Título: "A sociedade concorda com a absolvição"
Autor: Marcelo Godoy
Fonte: O Estado de São Paulo, 16/02/2006, Metrópole, p. C1,3,4

Entrevista Walter de Almeida Guilherme: Desembargador

O desembargador Walter de Almeida Guilherme, de 61 anos, cujo voto pela absolvição do coronel Ubiratan Guimarães conduziu a maioria dos membros do Órgão Especial do Tribunal de Justiça, esperava ter, de ontem para hoje, um sono "relativamente tranqüilo". "Tranqüilo porque agi de acordo com a minha convicção. Mas intranqüilo porque vou ser criticado e ninguém gosta disso." Consciente da polêmica, arrisca dizer que "a sociedade, de forma geral, concorda com a absolvição".

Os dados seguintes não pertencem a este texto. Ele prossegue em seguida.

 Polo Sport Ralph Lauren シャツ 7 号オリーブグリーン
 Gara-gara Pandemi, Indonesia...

Desembargador há 9 anos, Guilherme atuou 8 como juiz e 20 como promotor. Diz que tem grande simpatia pelos direitos humanos. "Pedi a condenação de vários integrantes do Esquadrão da Morte", afirmou. Em 2001, votou pela redução de pena do ex-policial miliar Otávio Lourenço Gambra, o Rambo, condenado no caso da Favela Naval, em Diadema.A seguir, os principais trechos da entrevista:

Como o senhor acha que a sociedade vai reagir à decisão?

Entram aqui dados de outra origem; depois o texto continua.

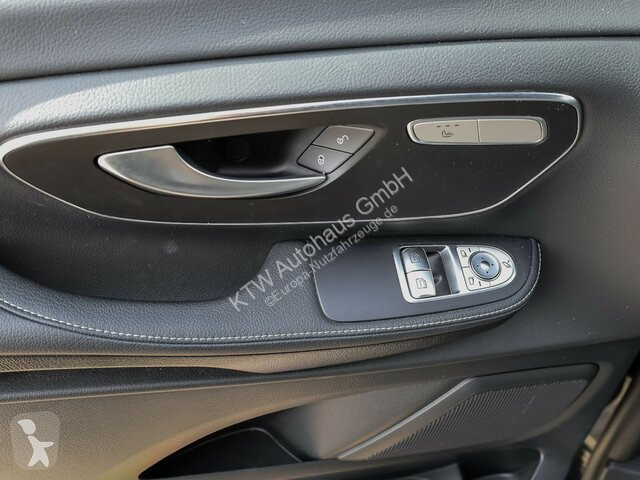 Bedrijfswagen Mercedes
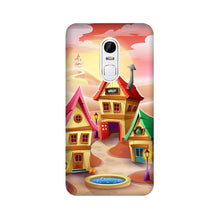 Sweet Home Mobile Back Case for Lenovo Vibe X3 (Design - 338)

Acho que a sociedade, de forma geral, concorda com a absolvição. Mas a crítica é livre. Não decidi sozinho - 19 colegas me acompanharam. Não incuti nada na cabeça deles. Eles votaram igual a mim porque pensam como eu.

O sr. teme ser repreendido?

Temer até temo. Pode ser algum aluno me diga algo. Por isso que a gente é profissional. É difícil ser juiz. A gente é porque tem vocação.

Pode haver reação internacional?Ouvi críticas de que o Brasil pode sofrer sanções da Organização dos Estados Americanos. É um absurdo. Não podemos ter nossa convicção?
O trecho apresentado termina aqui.